The roughly $6.5 billion Washington spent last year alone to make air travel safe from terrorists is not the only expense being shouldered by taxpayers. There are lesser-noticed costs that factor into the total bill, according to a new report from the Santa Monica-based think tank RAND Corp. 

Among those additional costs are state and local police placed at airports, the amount of time spent by travelers to pass through long security lines and the economic impact of new counterterrorism mandates placed on private corporations.

Bruce Schneier, a security expert and longtime critic of the Transportation Security Administration, said businesses have an incentive to consider such costs, such as cash-register wait times and how much consumer loyalty would be lost by installing security cameras in dressing rooms. But, he said, government officials are afraid of the political consequences of a terror attack occurring after a seemingly wasteful or controversial security measure was removed.

"Businesses do it all the time," Schneier said of cost-benefit analyses. "Why should the TSA be any different?" 

Patience from the public could wear thin as authorities pile on layers of security for each new threat that emerges, according to the report, which was done by RAND’s Homeland Security and Defense Center. 
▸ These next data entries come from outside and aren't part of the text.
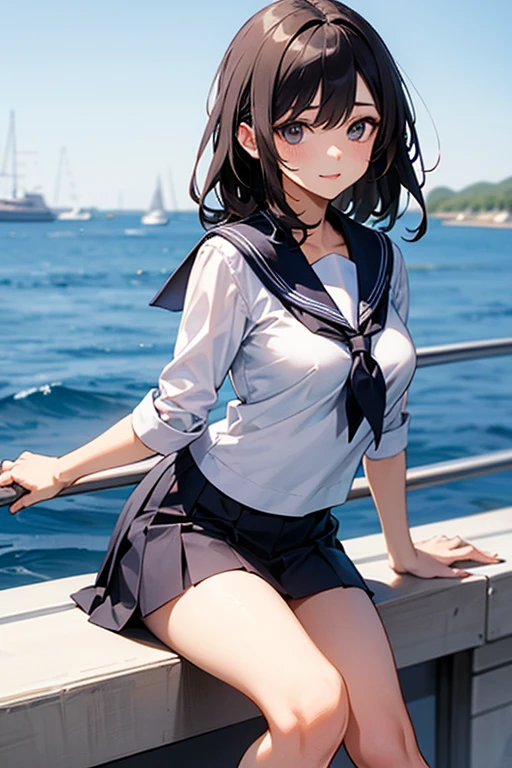 1young_teen_女の子、ロリ、brown_hair、medium_bob_hair、blue_midriff_baring_sailor_uniform、mini_skirt、short_sleeve、太もも、big_tits,closed_eyes, 笑顔、open_mouth、立っている,harbor_background、spread_legs、幸せ、NSFW、short_gloves, wet,transparent,covered_nipples, covered_crotch, under_tits,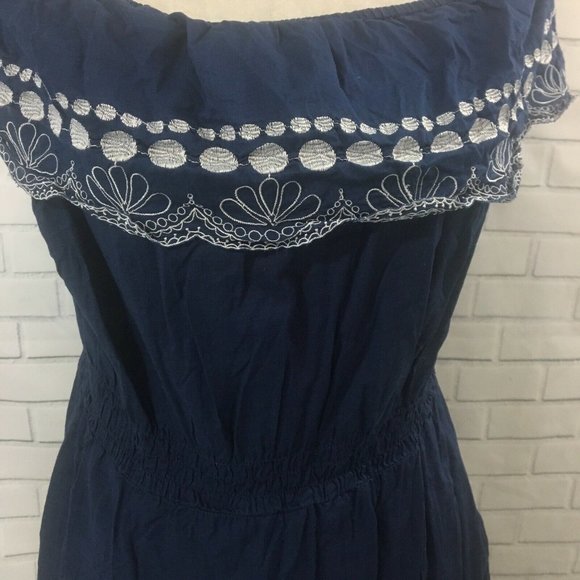 Calypso St Barth for Target Navy Blue Bardot Off Shoulder Dress White Embroidery - Picture 2 of 7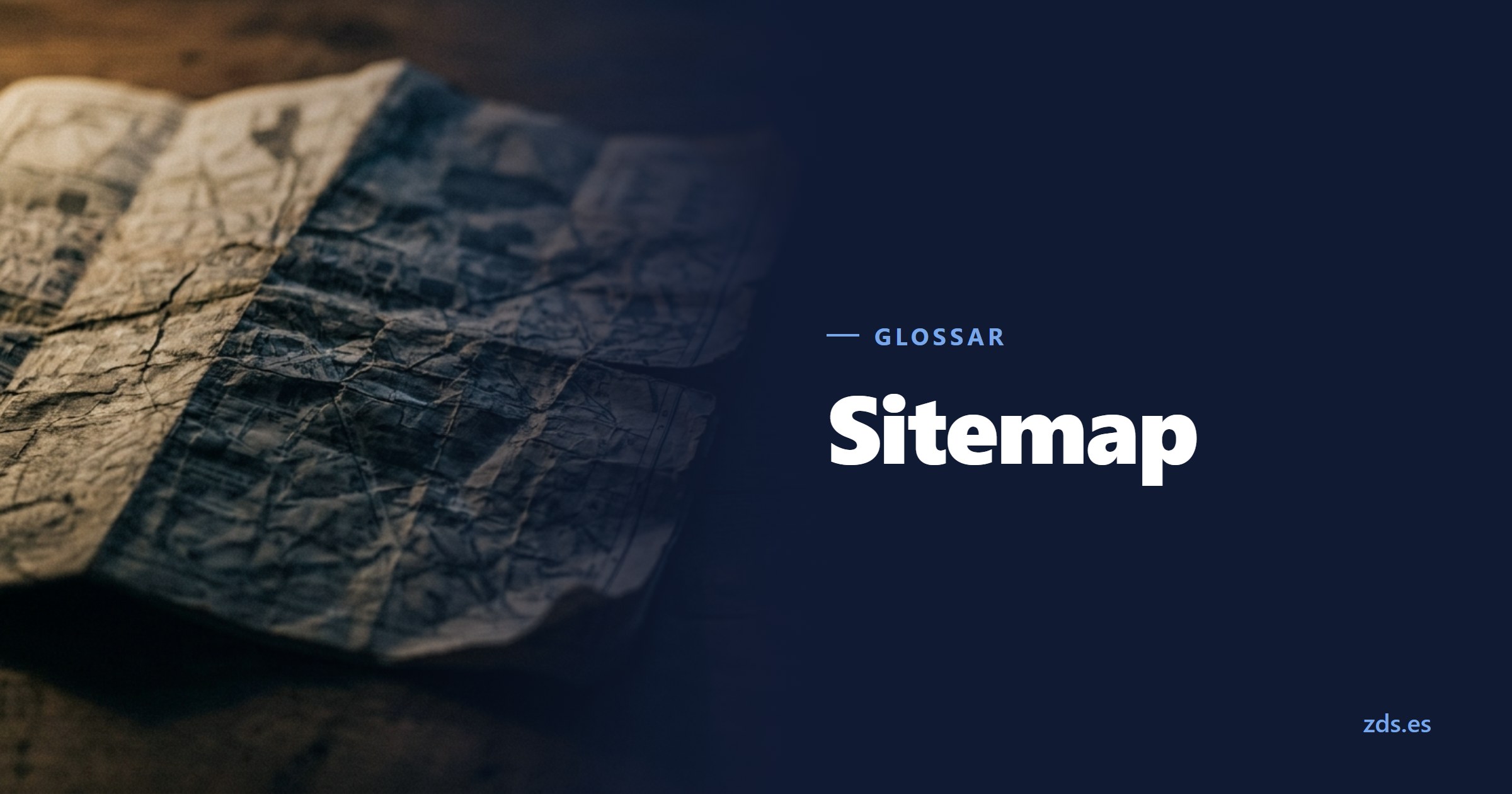 Ein gefalteter, abgegriffener Papierplan mit unlesbarer Beschriftung — daneben der Titel Sitemap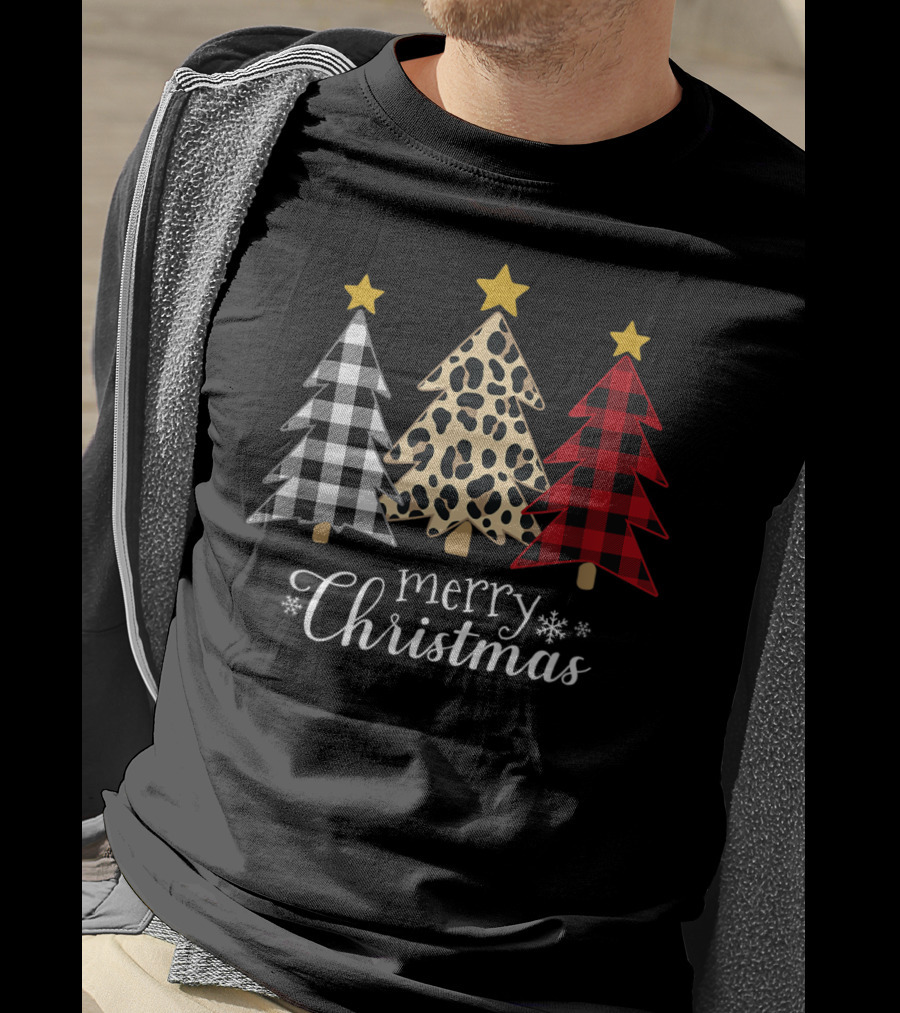 Merry Christmas Buffalo Plaid And Leopard Print Xmas Trees T-Shirt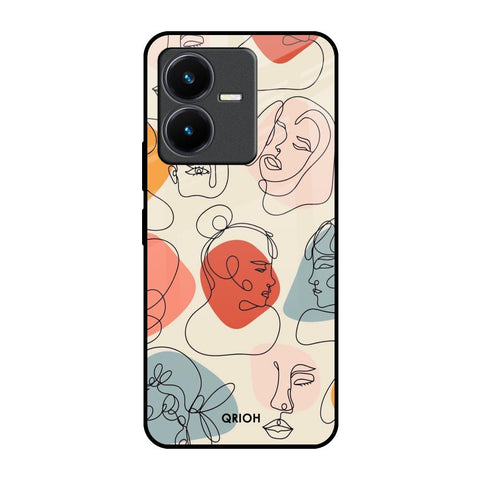 Abstract Faces Vivo Y22 Glass Back Cover Online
“More complete understanding of the costs and benefits of security measures is needed,” the report concludes. “Only with clear understanding of what security measures truly cost and what we get when we buy those measures will it be possible to get close to the efficient security we must aspire to in a world of finite resources and many varied policy areas that demand funding and attention.”
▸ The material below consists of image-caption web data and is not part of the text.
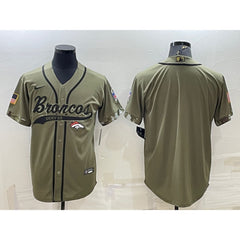 Men's Denver Broncos Blank Olive Salute to Service Cool Base Stitched Baseball Jersey 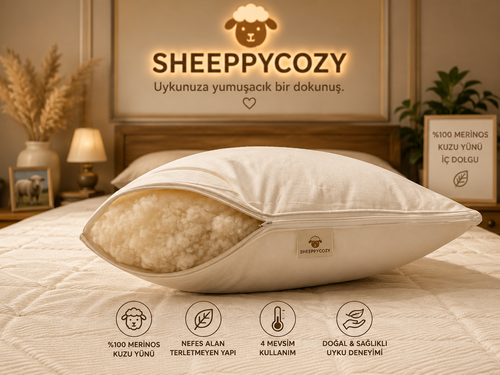 SheeppyCozy %100 Merinos Kuzu Yünü Boncuk Yastık – 50x70 cm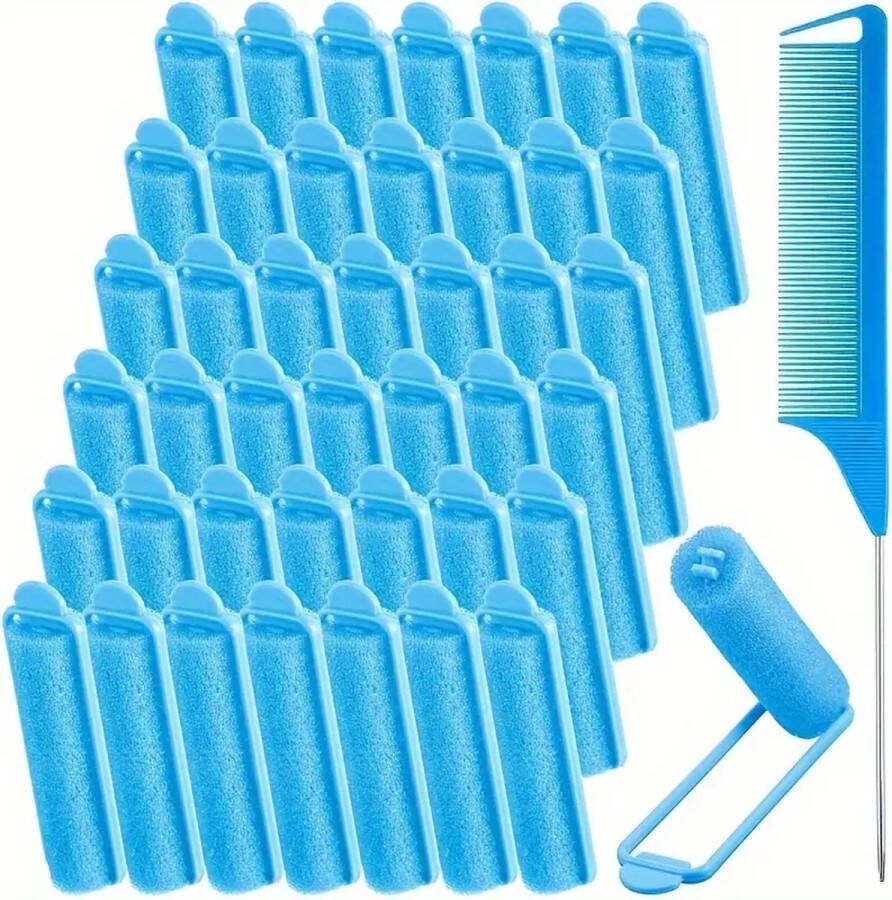 Twenty Two 29 stuks schuimspons haarrollers set (blauw) voor alle haartypes met puntkam mooie krullen maken zonder hitte met zelfgrip schuimspons krulspelden en bevestigingsklem foamrollers brengt geen schade aan het haar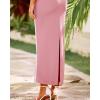 imageBTFBM Women Maxi Bodycon Dresses Square Neck Sleeveless Contrast Binding Split Cocktail Party Club Tank Long Dress 2025Solid Light Pink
The magnitude of risk that terrorism poses to the aviation industry never has been well understood, according to the report, so it’s difficult to determine how successful one security measure is over another. It’s also difficult to know how much the additional security officers, costly baggage screening machines and controversial X-ray body scanners have meaningfully contributed to improved safety, or whether some other factor played a role that was never considered.  

Despite a shortage of data to inform security investments, such as clearly being able to predict future attacks, it’s still possible to develop a formula that considers historical threats and known attack methods, researchers found. Even a cost-benefit analysis that relies on estimates can help in comparing one security measure to another before major investments are made.

“Though the security strategy of combining many types of security measures into a ‘layered defense’ has been accepted doctrine for many years,” says the report, “many analyses of that strategy have not fully explored how different layers interact with one another to deliver a net protective posture for the aviation system.”

It also remains difficult to determine just how much Americans are paying for airline security beyond the $6.5 billion spent annually by the Transportation Security Administration. But RAND experts point to a number of examples.

The police department at the Los Angeles World Airports, which owns and operates three airports in the L.A. area, had a 2010 price tag of $100 million. A 2006 total for the Port Authority of New York and New Jersey, which operates the region's major airports, climbed to more than $450 million. The International Air Transport Association estimated in 2002 that costs to the airline industry for security reached into the billions of dollars. Researchers complained about a shortage of reliable spending data, but it’s clear that additional overlooked costs are substantial, they argued.

“Because of the number of travelers that use the system in a given year,” the report says, “estimates combining even modest wait times with reasonable values for business and leisure travelers’ time can produce values in the billions of dollars for that less-tangible cost alone.”